# Help with onkyo 805/ps-3 set up



## JAKE 2544 (Mar 13, 2008)

whenever i put a blue ray movie in my ps-3, my onkyo 805 receiver seems to go on and off about 4-6 times before the movie begins.It seems to switch from pure audio,thx,and dolby until the dvd starts.Is there something i have set up wrong or something that i can change in the settings on the ps3 or the receiver.It drives me crazy listening to it switch on and off all the time.Im using hdmi from my hd cable box into the 805 then out of the 805 to a pioneer plasma display.The ps3 is also using hdmi into the 805.is this the best way to set this system up?thanks for the help.


----------



## tonyvdb (Sep 5, 2007)

This is normal due to the previews and menu being only Dolby digital and the movie being a different format. Each time a different preview starts the BluRay will switch off the audio as it goes from one section to the next. The older 805's had issues with locking on to the audio quickly and there is a firmware update to fix it but not all users can do the update themselves due to some hardware changes Onkyo did in the early 805's.


----------



## JAKE 2544 (Mar 13, 2008)

thanks tony,how about my hdmi set up from the catv hd box into the receiver then out of the receiver to the tv.Is this the best method?


----------



## tonyvdb (Sep 5, 2007)

JAKE 2544 said:


> thanks tony,how about my hdmi set up from the catv hd box into the receiver then out of the receiver to the tv.Is this the best method?

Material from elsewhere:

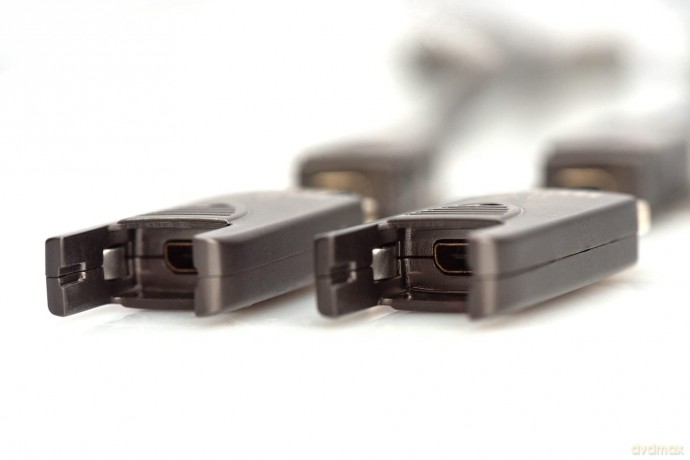 Kabel hybrydowy AOC HDMI 2.0 Premium High Speed Ethernet 4K60Hz UHD HDMI D/A HDMI D/A M/M z odłączanym wtykiem, 30m, Czarny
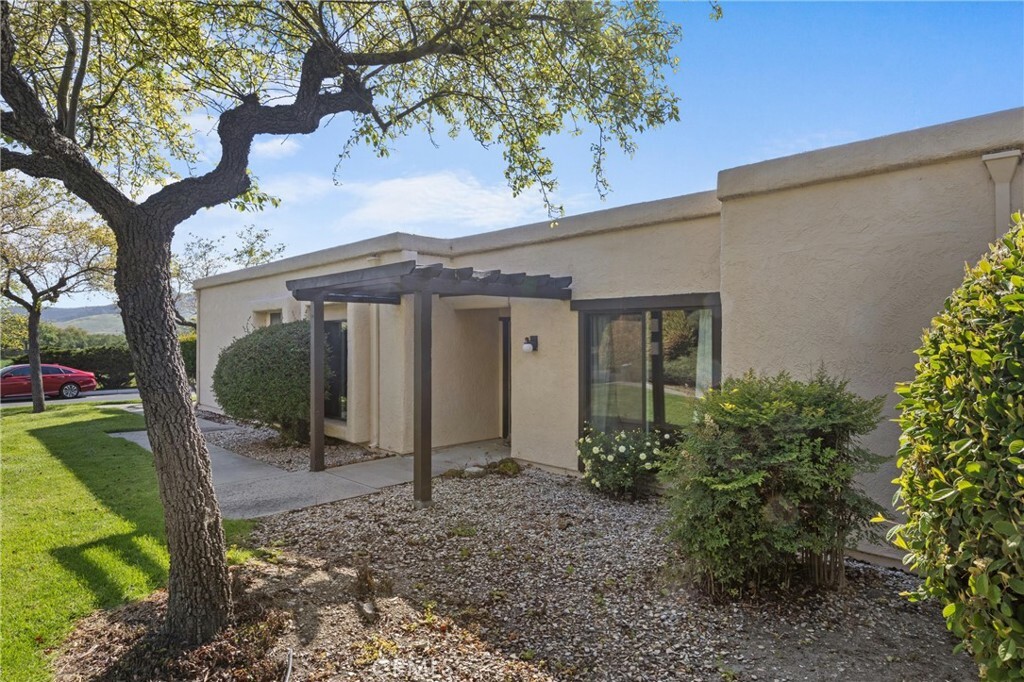 Property Photo:  46 Los Palos Drive  CA 93401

It depends on if you want to have the receiver on whenever you want to watch TV. You can also go directly to the display with the HDMI and send an optical cable from the CATV Box to the receiver this way you dont have to have the receiver on all the time.


----------



## JAKE 2544 (Mar 13, 2008)

I was thinking of doing it that way,but then i will have to put the speakers on the tv.Thanks tony.


----------